Title: Genotypic and phenotypic characterization of isogenic doubled haploid exotic introgression lines in maize

Author
item BRENNER, EVERTON - Iowa State University
item Blanco, Michael
item Gardner, Candice
item LUBBERSTEDT, THOMAS - Iowa State University

Submitted to: Molecular Breeding
Publication Type: Peer Reviewed Journal
Publication Acceptance Date: 2/12/2011
Publication Date: 2/17/2012
Citation: Brenner, E., Blanco, M.H., Gardner, C.A., Lubberstedt, T. 2012. Genotypic and phenotypic characterization of isogenic doubled haploid exotic introgression lines in maize. Molecular Breeding. 30:1001-1016. Available: http://www.springerlink.com/content/g6l3662104697881/?MUD=MP.

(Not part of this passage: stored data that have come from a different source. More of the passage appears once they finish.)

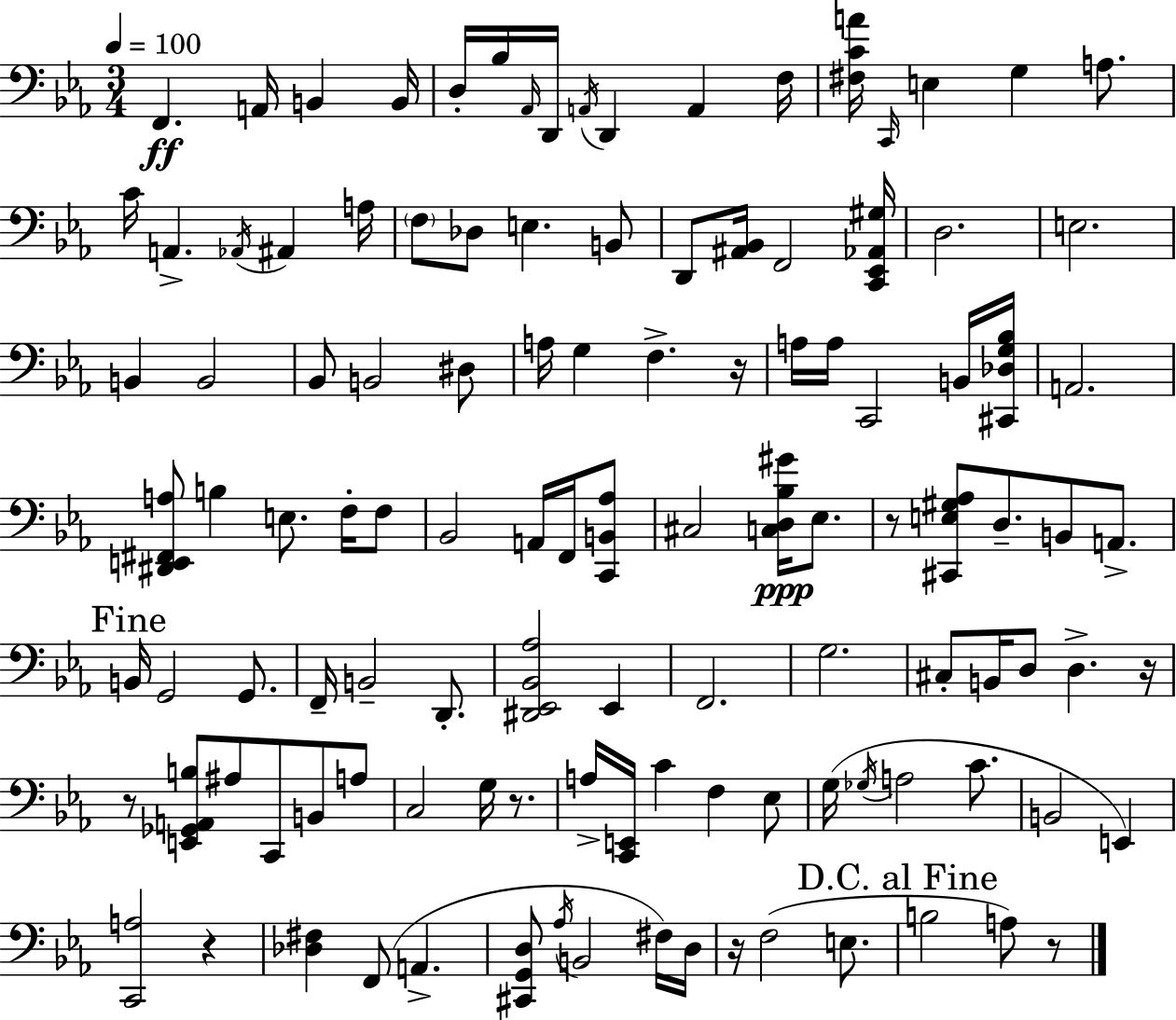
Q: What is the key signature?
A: EES major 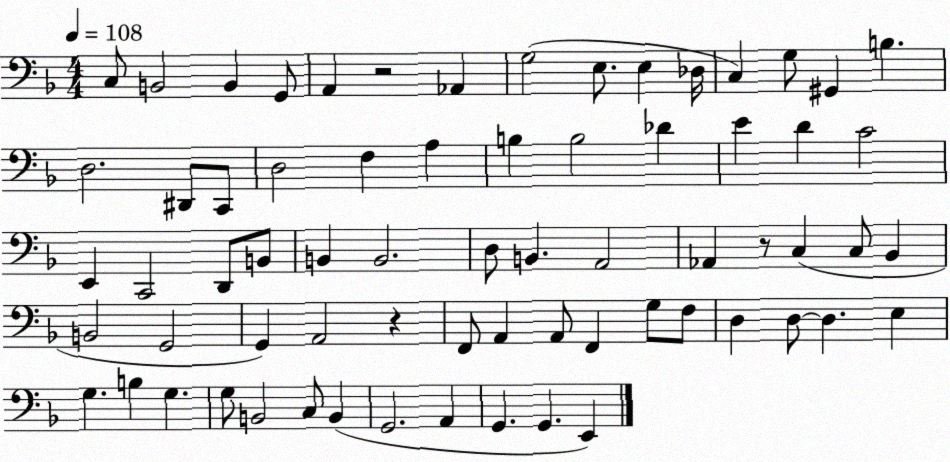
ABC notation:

X:1
T:Untitled
M:4/4
L:1/4
K:F
C,/2 B,,2 B,, G,,/2 A,, z2 _A,, G,2 E,/2 E, _D,/4 C, G,/2 ^G,, B, D,2 ^D,,/2 C,,/2 D,2 F, A, B, B,2 _D E D C2 E,, C,,2 D,,/2 B,,/2 B,, B,,2 D,/2 B,, A,,2 _A,, z/2 C, C,/2 _B,, B,,2 G,,2 G,, A,,2 z F,,/2 A,, A,,/2 F,, G,/2 F,/2 D, D,/2 D, E, G, B, G, G,/2 B,,2 C,/2 B,, G,,2 A,, G,, G,, E,, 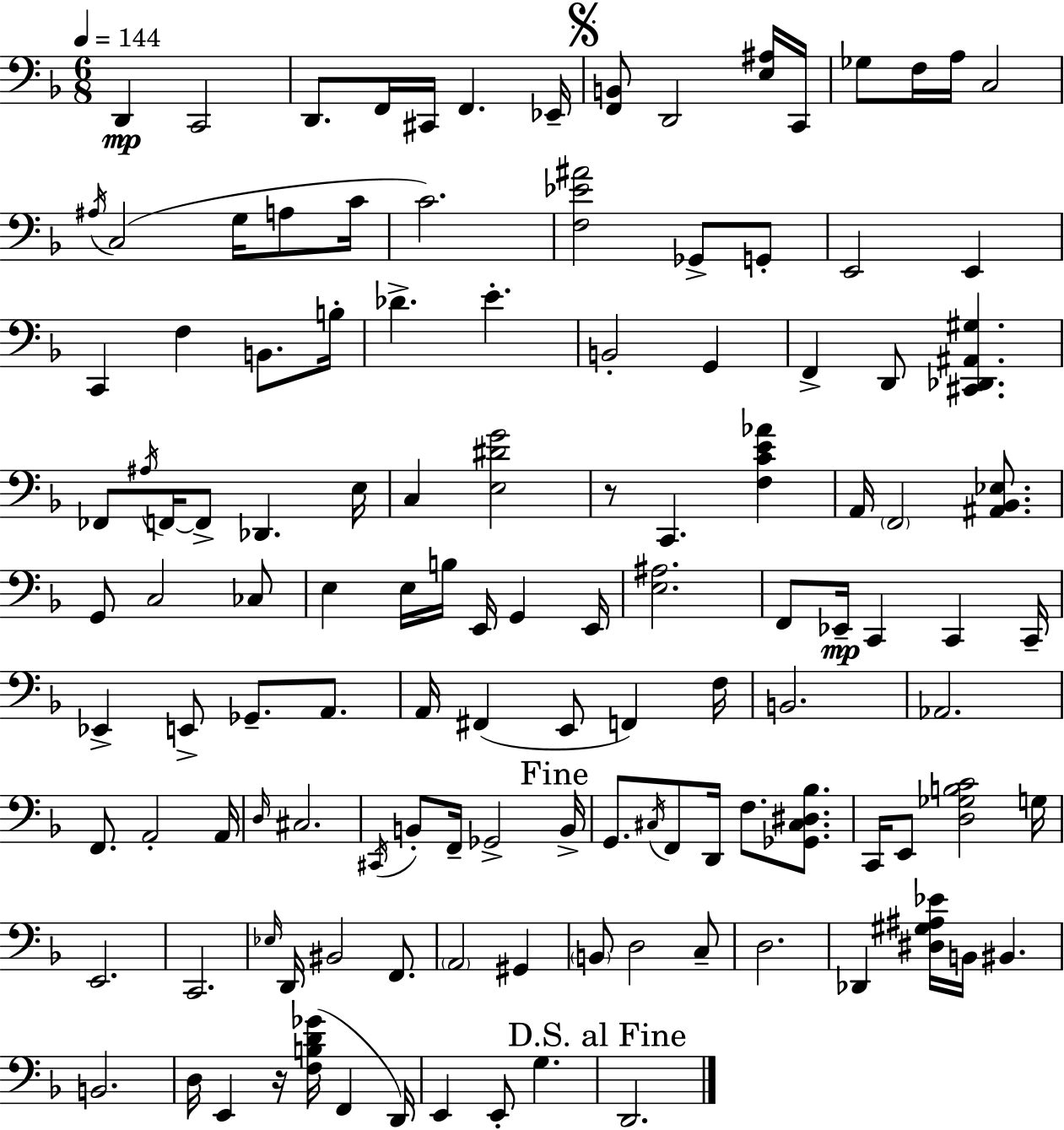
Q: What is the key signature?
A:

Interpretive Summary: Exotic maize germplasm is potentially a source of unique genes that may not be present in Corn Belt germplasm currently used by US breeders. In this study, cell wall digestibility (CWD) was studied by analyzing digestible neutral detergent fiber (DNDF) of corn stover. DNDF is an important indicator of silage nutritional quality and is associated with improved ethanol potential. Fifty double haploid (DH) inbreds were studied that were derived from 31 exotic races backcrossed once to an adapted corn belt inbred (25% exotic and 75% adapted). Five adapted check inbreds known to have good DNDF and silage quality were included for comparative purposes. The 50 DH inbreds were analyzed using 199 single nucleotide polymorphic (SNP) molecular markers distributed throughout the ten chromosomes of maize and covered 92.9% of the adapted parent genome. On average, 11.8% of the SNP markers were derived from the exotic parent, which is probably an underestimate. If a SNP is monomorphic (identical in both parents), it is not possible to identify parental origin. Promising lines derived from some exotic populations were identified with favorable DNDF, and were equal in quality to the five high forage quality checks. However, some of these promising lines for DNDF also carried undesirable traits such as late maturity, high ear placement, and greater stalk lodging, but these traits were not correlated to DNDF. The results from this research indicated that unique genes present in exotic races can be useful for improving DNDF, and may be useful to plant breeders to improve ethanol and forage quality. Since the DNDF quality traits were not correlated to the unfavorable agronomic traits (late maturity, ear height, lodging) it should be possible to develop germplasm from exotic sources with good DNDF and agronomic traits.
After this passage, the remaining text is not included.